We only have to turn the clock back a year to find the ideal Chris Lytle fight. At a rematch of their TUF 4 finale, Lytle and Matt Serra didn't just set the record for significant strikes landed* in a single fight, they destroyed it. From FightMetric:

Congratulations to Chris Lytle and Matt Serra! Their fight at UFC 119 set a new UFC record for most combined significant strikes landed in a single fight. Lytle landed 153 significant strikes and Serra landed 124 for a new record-high of 277. This was a major leap past the previous high of 187, set by Chris Lytle and Paul Taylor at UFC 89. This is also the only fight in UFC history in which both fighters each landed more than 100 significant strikes.
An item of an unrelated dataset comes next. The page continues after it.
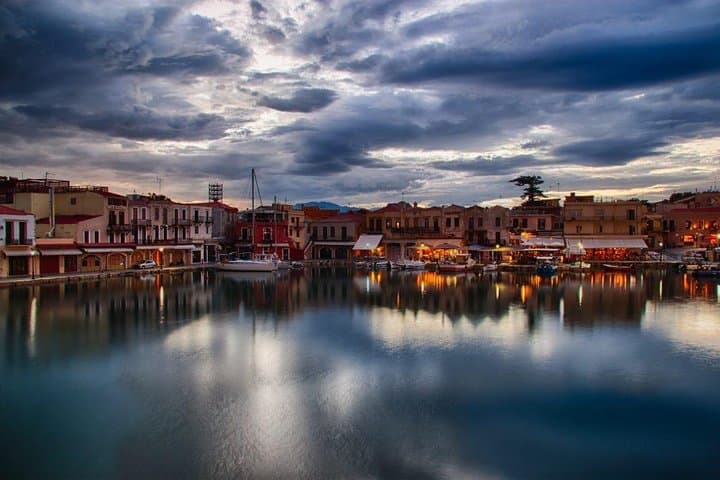 Chania-Kournas-Rethymnon Tour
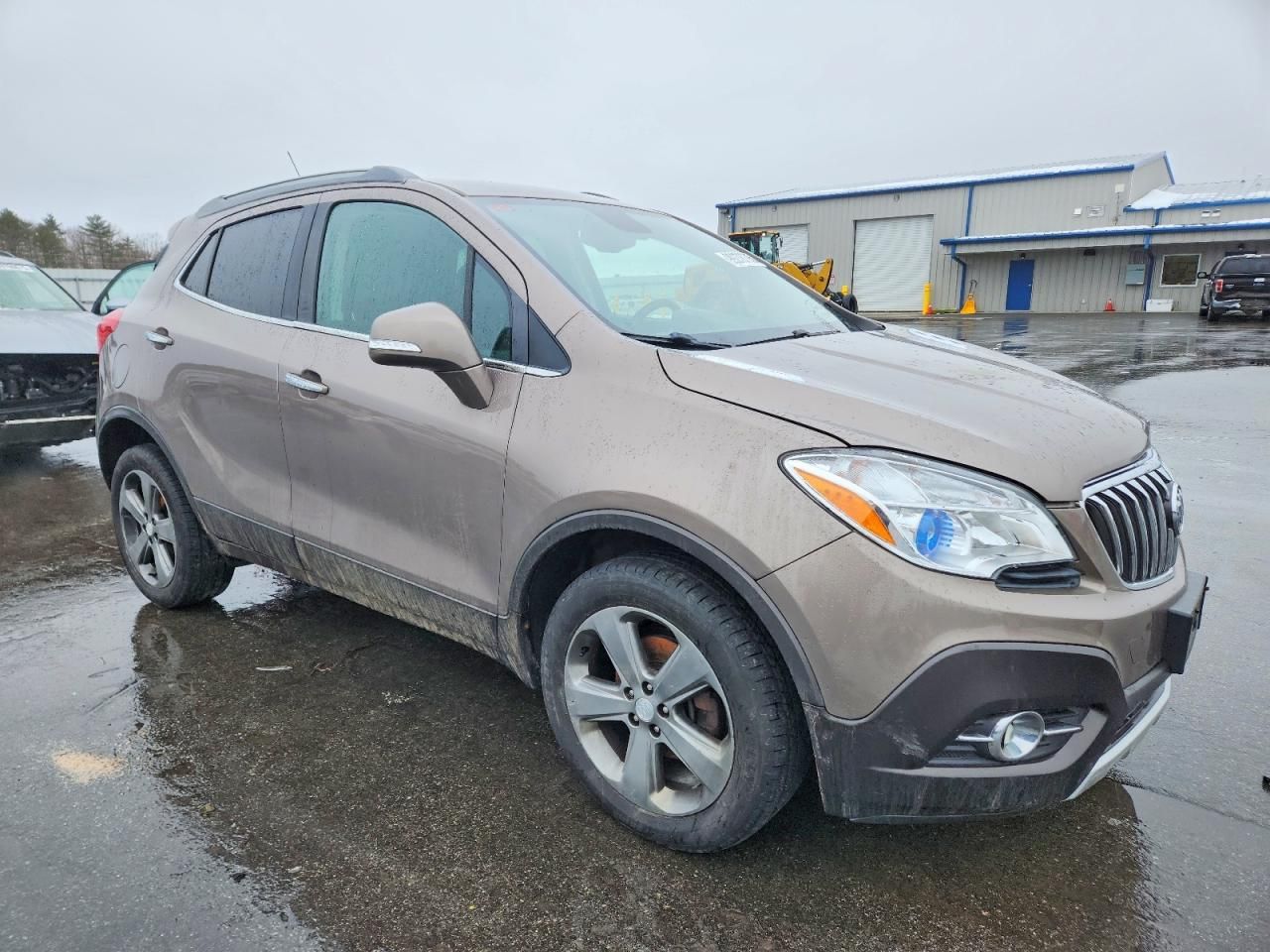2014 Buick Encore Convenience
Lytle's modus operandi of violence in volume hasn't always been the case. He floated through his UFC career as mid-card body until UFC 86. There, Josh Koscheck beat a bloodied Lytle around the cage for fifteen minutes. A lady in my viewing party spilled tears of compassion.

Lytle emerged from the fight with the revelation that he would never hold UFC gold, that he would have to rely on crowd-pleasing performance in order to ensure his place in the promotion.
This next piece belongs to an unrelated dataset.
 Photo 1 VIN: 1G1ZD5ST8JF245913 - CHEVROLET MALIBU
Since that loss, Lytle has landed 73 significant strikes in four of his seven fights, three times hitting the century mark. He submitted his opponents (Matt Brown and Brian Foster) in two of the remaining three bouts.
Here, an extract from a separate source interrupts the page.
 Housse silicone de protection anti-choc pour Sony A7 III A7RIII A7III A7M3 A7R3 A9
His performance in his most recent bout -- Brian Ebersole at UFC 127 -- is anything but Lytle. He landed 24 significant strikes (56 total strikes for the bout) and lost a decision as a 3-1 favorite. Then it's revealed that Lytle had surgery four weeks prior...to remove injured meniscus in his right knee.

And that's the sort of thing that's going to keep him in Zuffa's good graces.

* - FightMetric defines significant strikes as "all strikes at distance and power strikes in the clinch and on the ground."